The point of maximal profit isn't entirely clear because the trend isn't perfectly linear. (It might be if I were to let PokerStove run longer for each calculation and therefore got more precise equity values. But it takes a long time to settle on these values when the software has to account for nine opponents' completely random hands.) Nevertheless, you can see that it's going to be somewhere in the range of playing the best 35-45% of starting hands I'm dealt. If you want to see what that range includes, fire up PokerStove, click on the "Player 1" box, and play with the slider. It will highlight what specific cards you're selecting. (You can find a nice tutorial on how to use PokerStove here.)
Translating the math from this over-simplified version of hold'em to the real thing requires assuming that I don't make more mistakes than my opponents do. I have to be able to read them at least as well as they read me, fold second-best hands at least as well as they do, size my bets to maximize profits when I have the best hand at least as well as they do, etc. But if that isn't a valid assumption, then I simply shouldn't be playing at this table. I shouldn't play anywhere that I don't have an edge in skill over most of my opponents.

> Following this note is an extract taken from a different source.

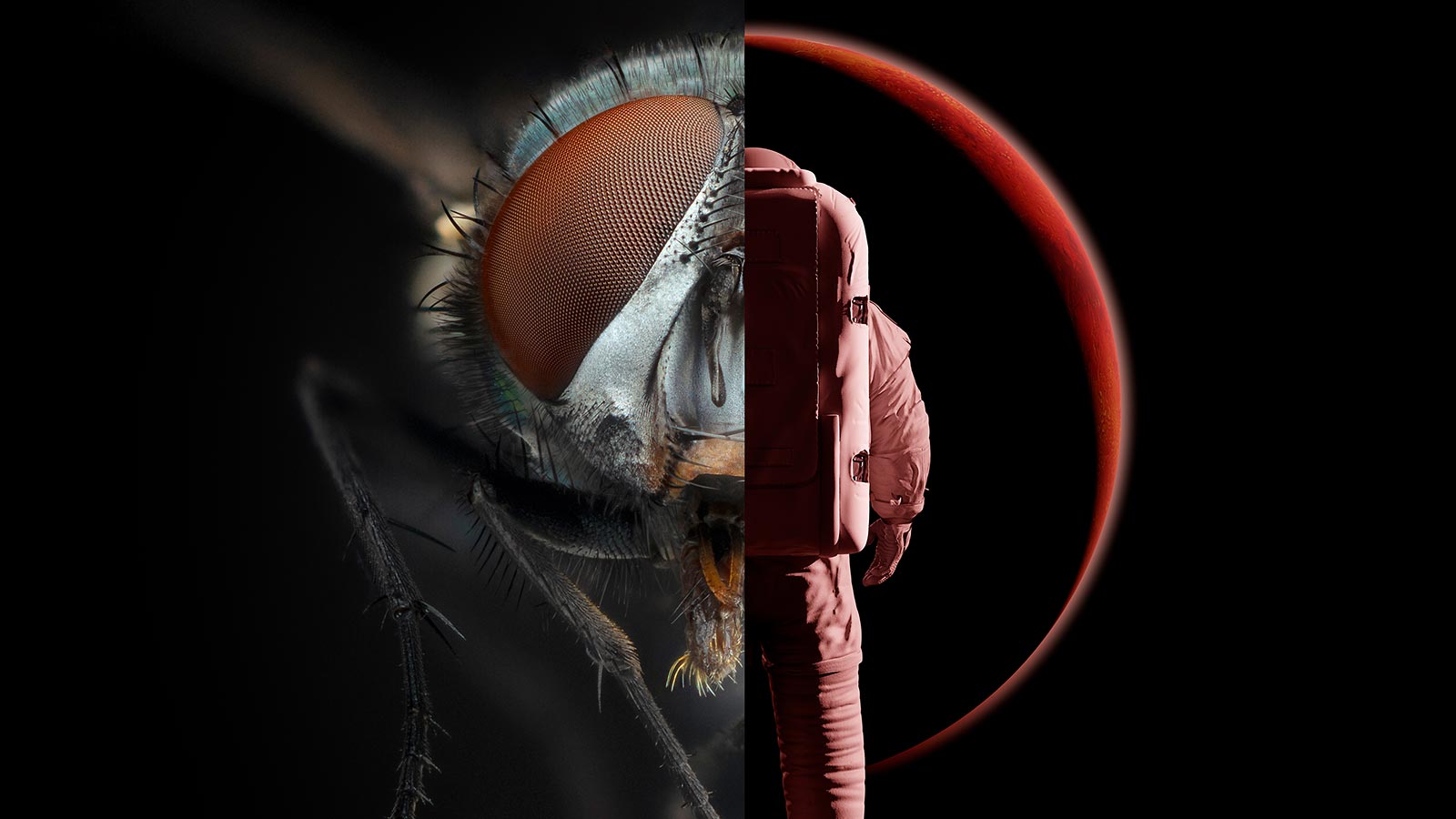 Delad bild som till höger visar en fluga och till vänster visar en astronaut.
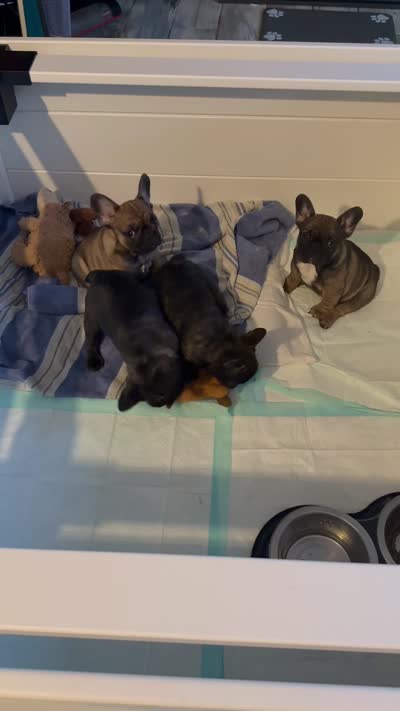 puppy 4, a male French Bulldog for sale in Boiling Springs, SC – 3 of 3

The upshot is, as I said, that the math unequivocally supports being looser than one's usual default strategy. It would be foolhardy to try to play 35-45% of starting hands against a typical table. You'll get eaten alive. But that is demonstrably the correct strategy adjustment to make in the extreme scenario I've constructed. No real-world table will be quite that wild, but the point still stands that loosening up at least moderately is the way to go. Tightening up means that you leave lots and lots of money on the table that should have been yours.